2. Sending out a generic resume

You've crafted a killer resume, and you're excited to send it out to every company on your list. But wait! That resume might look great, but chances are it's not equally great for every job you're applying for. "You should absolutely tailor your resume to suit the company, industry, location, and other parameters of the role," career coach Michele Moore told Glassdoor. By only sending out one resume, you're selling yourself short. 

3. Not reading reviews beforehand

A job description can only tell you so much. What is the company culture like? Are employees satisfied with their pay and benefits? What is the average salary of someone in your position? All of these questions can be answered by reading Glassdoor reviews of companies, where current and former employees can give you the inside scoop. 

4. Skimming the job description

You see the perfect job description, get your resume and cover letter, and quickly apply. Weeks go by and you don't hear anything back, so you look back at the job description. "Fluent Japanese is a must." Oops! Missed that one. Trying to save time when you read through job descriptions only costs you more time in the end, of wasted time and energy updating your resume and writing a cover letter. Read carefully! 

5. Forgetting to network

"At least 70 percent if not 80 percent of jobs are not published," Matt Youngquist, the president of Career Horizons, told NPR. Youngquist says that job seekers waste time surfing the internet when many times, it's talking to employers and leveraging personal connections that get your foot in the door. In addition, connecting with employers on social media can be the ticket to finding you that "invisible" position. 

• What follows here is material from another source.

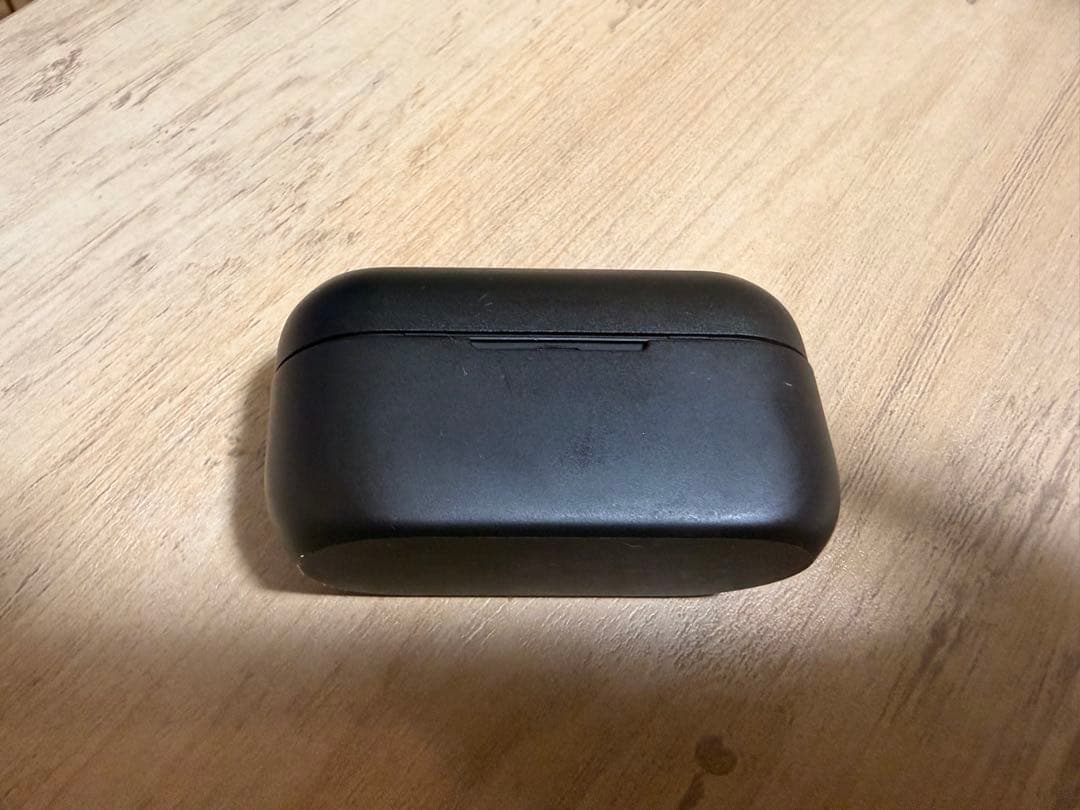 Technicsイヤホン　EAH-AZ80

6. Skipping the cover letter

While some may say that "the cover letter is dead," it's important to remember the hiring manager's perspective. As a job candidate, if a cover letter is asked for, the cover letter is certainly not "dead." And if a cover letter is optional? Better to include it -- in the employment search, anything that can set you apart from the pack and show your dedication will boost your chances of landing a job. 

7. Not knowing your worth

When you're looking for a job, you should also have an idea in your mind of what kind of pay you're looking for. You should also be prepared to negotiate a higher salary, in case the one you're offered isn't up to par. Glassdoor's Know Your Worth tool uses information like your current job title, base salary, employer, work location, and more, to determine the amount that you could reasonably expect for a job. 

8. Skipping your research

A well-informed candidate is always preferable to the alternative. Asking questions about your specific interests in the company, and even just asking general questions about what the company does, are some of the most common interview questions out there. If you haven't done your research, it's ultimately a waste – not only of the recruiter's time but also your own.